In this study, we proposed the transformed structural properties method to determine the controllability and observability of robots. Some authors proposed a linearization method, and others proposed a structural properties method, while this study considered a method as the combination of the other two methods.
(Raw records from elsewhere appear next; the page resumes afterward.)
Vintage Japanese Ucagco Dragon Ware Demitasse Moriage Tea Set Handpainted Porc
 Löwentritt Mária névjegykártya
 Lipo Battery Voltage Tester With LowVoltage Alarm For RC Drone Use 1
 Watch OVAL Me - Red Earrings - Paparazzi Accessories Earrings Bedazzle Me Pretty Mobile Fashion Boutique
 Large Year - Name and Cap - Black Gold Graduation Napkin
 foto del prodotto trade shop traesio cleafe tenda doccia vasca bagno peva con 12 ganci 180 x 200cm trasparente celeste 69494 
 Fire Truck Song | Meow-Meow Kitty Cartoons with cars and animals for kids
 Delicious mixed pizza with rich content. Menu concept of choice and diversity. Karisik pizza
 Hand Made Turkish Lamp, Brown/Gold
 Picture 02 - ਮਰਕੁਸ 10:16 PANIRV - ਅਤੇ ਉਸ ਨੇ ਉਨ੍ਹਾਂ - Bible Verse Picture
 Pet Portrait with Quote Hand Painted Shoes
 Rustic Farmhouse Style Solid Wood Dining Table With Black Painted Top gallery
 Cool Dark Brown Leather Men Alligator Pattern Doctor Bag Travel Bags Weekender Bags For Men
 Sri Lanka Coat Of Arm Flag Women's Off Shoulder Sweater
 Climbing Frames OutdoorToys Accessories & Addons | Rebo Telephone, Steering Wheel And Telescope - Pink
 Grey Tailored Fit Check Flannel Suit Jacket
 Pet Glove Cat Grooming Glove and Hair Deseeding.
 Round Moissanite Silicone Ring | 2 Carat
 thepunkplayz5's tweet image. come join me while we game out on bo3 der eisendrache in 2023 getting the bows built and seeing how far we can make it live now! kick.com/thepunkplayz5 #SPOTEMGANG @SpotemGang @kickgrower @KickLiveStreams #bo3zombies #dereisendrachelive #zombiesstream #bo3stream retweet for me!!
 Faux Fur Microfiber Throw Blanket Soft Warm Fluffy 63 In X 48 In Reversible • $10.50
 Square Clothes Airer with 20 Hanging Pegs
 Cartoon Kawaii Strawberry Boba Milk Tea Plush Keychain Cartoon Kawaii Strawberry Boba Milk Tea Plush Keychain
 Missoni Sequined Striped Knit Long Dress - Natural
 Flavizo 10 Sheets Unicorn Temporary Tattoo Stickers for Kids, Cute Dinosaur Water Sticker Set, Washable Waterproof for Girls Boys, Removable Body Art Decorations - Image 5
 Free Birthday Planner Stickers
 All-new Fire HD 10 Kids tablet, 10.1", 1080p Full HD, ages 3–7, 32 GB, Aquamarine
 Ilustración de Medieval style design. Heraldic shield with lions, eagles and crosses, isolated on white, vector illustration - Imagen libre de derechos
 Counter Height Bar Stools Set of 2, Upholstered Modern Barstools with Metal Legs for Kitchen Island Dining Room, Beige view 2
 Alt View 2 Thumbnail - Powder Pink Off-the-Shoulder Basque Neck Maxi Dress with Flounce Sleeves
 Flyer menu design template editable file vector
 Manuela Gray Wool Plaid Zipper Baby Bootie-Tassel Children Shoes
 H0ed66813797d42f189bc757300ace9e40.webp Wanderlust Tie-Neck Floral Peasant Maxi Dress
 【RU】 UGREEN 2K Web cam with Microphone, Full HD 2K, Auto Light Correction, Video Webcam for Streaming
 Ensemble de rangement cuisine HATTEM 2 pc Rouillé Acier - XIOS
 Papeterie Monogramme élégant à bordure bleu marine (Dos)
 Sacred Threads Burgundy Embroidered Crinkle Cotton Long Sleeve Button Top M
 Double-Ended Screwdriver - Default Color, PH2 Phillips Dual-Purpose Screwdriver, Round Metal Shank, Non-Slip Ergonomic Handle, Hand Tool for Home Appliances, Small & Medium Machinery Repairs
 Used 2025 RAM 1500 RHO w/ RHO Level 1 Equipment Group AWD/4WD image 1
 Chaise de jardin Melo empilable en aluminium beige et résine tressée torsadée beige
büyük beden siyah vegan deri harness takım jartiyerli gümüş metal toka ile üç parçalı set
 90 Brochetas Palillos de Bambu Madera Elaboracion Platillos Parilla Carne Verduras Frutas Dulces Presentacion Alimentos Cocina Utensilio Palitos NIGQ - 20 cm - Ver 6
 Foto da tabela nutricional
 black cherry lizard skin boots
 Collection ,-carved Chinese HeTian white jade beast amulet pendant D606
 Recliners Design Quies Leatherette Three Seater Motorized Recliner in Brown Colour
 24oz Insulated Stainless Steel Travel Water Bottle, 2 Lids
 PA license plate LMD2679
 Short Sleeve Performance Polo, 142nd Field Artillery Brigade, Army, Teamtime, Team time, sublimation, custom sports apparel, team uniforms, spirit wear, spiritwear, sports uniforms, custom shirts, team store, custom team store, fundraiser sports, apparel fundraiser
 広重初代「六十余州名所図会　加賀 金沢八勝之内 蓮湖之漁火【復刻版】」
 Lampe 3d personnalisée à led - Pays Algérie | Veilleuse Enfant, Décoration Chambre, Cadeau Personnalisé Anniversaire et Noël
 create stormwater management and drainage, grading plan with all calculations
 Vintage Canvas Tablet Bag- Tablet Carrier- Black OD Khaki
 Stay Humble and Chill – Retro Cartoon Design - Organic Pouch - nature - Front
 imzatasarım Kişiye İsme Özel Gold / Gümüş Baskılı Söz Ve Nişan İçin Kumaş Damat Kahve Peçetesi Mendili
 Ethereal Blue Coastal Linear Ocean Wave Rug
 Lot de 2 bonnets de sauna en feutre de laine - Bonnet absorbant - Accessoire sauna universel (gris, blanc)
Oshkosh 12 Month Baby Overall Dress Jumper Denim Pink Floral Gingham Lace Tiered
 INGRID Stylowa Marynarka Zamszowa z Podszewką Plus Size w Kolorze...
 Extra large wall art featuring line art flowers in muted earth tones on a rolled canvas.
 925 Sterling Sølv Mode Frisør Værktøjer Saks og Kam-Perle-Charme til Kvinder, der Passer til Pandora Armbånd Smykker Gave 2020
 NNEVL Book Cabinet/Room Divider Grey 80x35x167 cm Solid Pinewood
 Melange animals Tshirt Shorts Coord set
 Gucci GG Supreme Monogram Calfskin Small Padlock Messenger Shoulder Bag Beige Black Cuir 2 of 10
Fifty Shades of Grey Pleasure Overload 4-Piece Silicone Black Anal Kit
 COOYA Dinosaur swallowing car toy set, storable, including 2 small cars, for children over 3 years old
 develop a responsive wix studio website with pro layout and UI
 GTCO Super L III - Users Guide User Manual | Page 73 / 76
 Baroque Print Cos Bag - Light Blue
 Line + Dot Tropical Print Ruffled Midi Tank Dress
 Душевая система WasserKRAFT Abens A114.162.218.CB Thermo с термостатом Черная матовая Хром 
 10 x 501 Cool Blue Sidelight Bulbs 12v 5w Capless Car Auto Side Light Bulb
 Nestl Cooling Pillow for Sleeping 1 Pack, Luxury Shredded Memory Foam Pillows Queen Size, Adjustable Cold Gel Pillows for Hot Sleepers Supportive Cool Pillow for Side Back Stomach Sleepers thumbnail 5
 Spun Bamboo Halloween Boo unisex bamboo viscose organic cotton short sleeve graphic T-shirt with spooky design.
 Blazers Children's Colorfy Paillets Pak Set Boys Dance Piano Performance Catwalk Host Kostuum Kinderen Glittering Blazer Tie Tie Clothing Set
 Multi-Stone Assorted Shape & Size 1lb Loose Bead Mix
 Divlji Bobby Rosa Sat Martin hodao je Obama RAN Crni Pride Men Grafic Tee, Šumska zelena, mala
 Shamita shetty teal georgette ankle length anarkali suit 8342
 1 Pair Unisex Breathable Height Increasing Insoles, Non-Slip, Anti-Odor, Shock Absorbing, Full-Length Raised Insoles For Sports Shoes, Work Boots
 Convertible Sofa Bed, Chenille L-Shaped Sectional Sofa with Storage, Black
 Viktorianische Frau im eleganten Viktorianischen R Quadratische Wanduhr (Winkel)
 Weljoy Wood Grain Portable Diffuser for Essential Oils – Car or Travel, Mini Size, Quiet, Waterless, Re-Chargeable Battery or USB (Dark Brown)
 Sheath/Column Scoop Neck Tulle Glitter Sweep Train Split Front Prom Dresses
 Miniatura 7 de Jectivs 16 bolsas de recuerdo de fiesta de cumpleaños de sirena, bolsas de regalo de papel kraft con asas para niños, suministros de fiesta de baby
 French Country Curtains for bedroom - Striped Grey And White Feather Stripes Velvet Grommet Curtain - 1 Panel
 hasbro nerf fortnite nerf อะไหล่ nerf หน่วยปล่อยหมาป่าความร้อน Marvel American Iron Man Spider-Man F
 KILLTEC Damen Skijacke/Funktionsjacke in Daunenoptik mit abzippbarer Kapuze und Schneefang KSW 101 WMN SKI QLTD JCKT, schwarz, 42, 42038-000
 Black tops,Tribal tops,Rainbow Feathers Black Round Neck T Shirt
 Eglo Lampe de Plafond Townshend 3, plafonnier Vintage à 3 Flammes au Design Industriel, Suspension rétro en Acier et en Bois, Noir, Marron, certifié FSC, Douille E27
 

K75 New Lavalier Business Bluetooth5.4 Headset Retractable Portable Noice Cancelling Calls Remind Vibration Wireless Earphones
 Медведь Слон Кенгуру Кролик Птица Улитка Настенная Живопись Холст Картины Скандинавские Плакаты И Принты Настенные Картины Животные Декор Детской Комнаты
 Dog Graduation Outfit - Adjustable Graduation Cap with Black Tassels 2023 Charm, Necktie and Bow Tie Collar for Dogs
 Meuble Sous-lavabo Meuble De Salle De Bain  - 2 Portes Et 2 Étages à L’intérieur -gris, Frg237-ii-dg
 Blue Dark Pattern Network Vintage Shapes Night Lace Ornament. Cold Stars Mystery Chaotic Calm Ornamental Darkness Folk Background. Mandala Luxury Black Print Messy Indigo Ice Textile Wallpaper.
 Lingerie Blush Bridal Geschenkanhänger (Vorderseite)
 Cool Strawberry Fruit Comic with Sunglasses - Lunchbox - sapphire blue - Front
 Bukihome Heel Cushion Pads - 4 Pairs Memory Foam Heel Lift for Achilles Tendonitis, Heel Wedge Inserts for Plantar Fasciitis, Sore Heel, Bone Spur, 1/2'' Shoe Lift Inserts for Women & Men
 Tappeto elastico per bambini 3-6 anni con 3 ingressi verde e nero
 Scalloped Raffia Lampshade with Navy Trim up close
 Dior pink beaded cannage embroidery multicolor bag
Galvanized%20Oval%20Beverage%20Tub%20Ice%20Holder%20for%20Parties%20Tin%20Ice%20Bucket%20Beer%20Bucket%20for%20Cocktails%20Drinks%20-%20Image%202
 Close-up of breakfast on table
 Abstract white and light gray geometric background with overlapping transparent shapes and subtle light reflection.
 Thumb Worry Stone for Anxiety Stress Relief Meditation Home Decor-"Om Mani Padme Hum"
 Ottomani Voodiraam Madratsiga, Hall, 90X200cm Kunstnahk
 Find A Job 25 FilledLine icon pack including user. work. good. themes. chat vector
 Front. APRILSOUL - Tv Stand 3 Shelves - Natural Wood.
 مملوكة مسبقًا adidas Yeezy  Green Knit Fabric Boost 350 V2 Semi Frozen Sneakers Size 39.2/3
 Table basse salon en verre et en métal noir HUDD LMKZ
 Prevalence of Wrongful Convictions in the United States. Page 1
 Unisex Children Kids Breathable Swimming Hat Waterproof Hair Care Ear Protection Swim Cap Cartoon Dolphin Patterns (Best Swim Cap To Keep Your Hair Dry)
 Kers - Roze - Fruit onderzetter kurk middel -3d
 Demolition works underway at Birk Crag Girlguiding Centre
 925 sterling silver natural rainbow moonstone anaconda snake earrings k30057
The numerical results showed that the transformed structural properties method obtained a more approximated robot model and obtained more precise controllability and observability results. The proposed method could be used for any of the conventional structures of robots. In the forthcoming work, the proposed method will be used not only to determine the controllability and observability but the proposed method will also be used to obtain a controller and an observer.